In February 1952, Congressman O. K. Armstrong of Missouri was invited to give a keynote speech at a convention called the Conference on Psychological Strategy in the Cold War, where he declared a maxim that, by that time, likely did not raise many eyebrows: “Our primary weapons will not be guns, but ideas . . . and truth itself.” Rep. Armstrong spoke from experience—a few months before, he had made national headlines at a peace treaty signing in San Francisco by blindsiding Soviet Foreign Minister Andrei Gromyko with a map locating every secret Gulag prison camp. Calling the Soviet Union a slave state through international media was certainly one provocative way to wage a war of informational weaponry. For Armstrong, the Cold War was not simply about instrumental goals, it also was essentially performative, steeped in aesthetics and judged in the arena of public opinion, not just State Department conference rooms. That performance, though, also was self-directed, as such practices oriented strategists and their audiences toward accepting a particular postwar American identity. The Cold War, in short, involved specific ways of being and acting in the world, an important claim that forms the basis of Ned O’Gorman’s excellent Spirits of the Cold War.

O’Gorman’s “spirits” in the title are not some kind of metaphysical entity—they are worldviews, born of discourse, and part of America’s “social imaginary.” Such worldviews “are not just outlooks, they entail . . . self-images, or identities” (236). By toggling between these outward and inward perspectives, O’Gorman makes a significant contribution to critical scholarship on Cold War security ideologies, building on Frank Ninkovich’s [End Page 202] notion of “image-based internationalism,” which emphasized the role of symbols and the projection of American power in foreign affairs, and John Lewis Gaddis’s arguments about the elevation of “means over ends” in Cold War strategy. At one point, O’Gorman uncovers an Eisenhower-era Department of Defense report that declares these developments plainly: “What deters is not the capabilities and intentions we have, but the capabilities and intentions the enemy thinks we have. The central objective of a deterrent weapons system is, thus, psychological. The mission is persuasion” (169). However, one of O’Gorman’s key contributions is his assertion that these worldviews were not just tactics for manipulation—Cold War strategies corresponded to deeply held and shared beliefs about the world. Recall that Rep. Armstrong did not just believe he had “ideas as weapons,” he also believed he had “truth” on his side. In O’Gorman’s words, “strategy entails reckoning with a nation’s ‘best interests.’ It seeks to organize a nation for successful being in the world, however, and by whomever, that is envisioned” (22). Strategy, then, is much more pervasive (and potentially explosive) because it aligns so closely with value and ideology.

O’Gorman’s four strategic worldviews (stoicism, evangelicalism, adventurism, and romanticism) efficiently form the basis for the book’s arrangement.
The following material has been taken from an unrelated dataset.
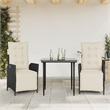 vidaXL 3 Piece Patio Dining Set with Cushions Black Poly Rattan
The classic strategic doctrines of containment, liberation, massive retaliation, and deterrence are still rendered significant, but they are decentered from their usual places of prominence, and that is refreshing for readers burned out on rehashing the same old tried-and-true terms—especially those easy binaries of realism and idealism that are often the “bread-and-butter” of foreign policy studies. O’Gorman articulates his worldviews through particular public personalities: usual suspects like President Eisenhower, George Kennan, and John Foster Dulles get new recastings, while C. D. Jackson, a Time/Life executive, psychological strategist, and wordsmith for Eisenhower, gets elevated to this rarefied company. And while scholars like Ninkovich would trace the security doctrines of the Cold War back to Wilsonianism, the intellectual lineages of O’Gorman’s four personalities go deeper. Spirits of the Cold War features the Bergsons, the Clausewitzes, the Webers, the Freuds, and even the Lipsiuses. O’Gorman...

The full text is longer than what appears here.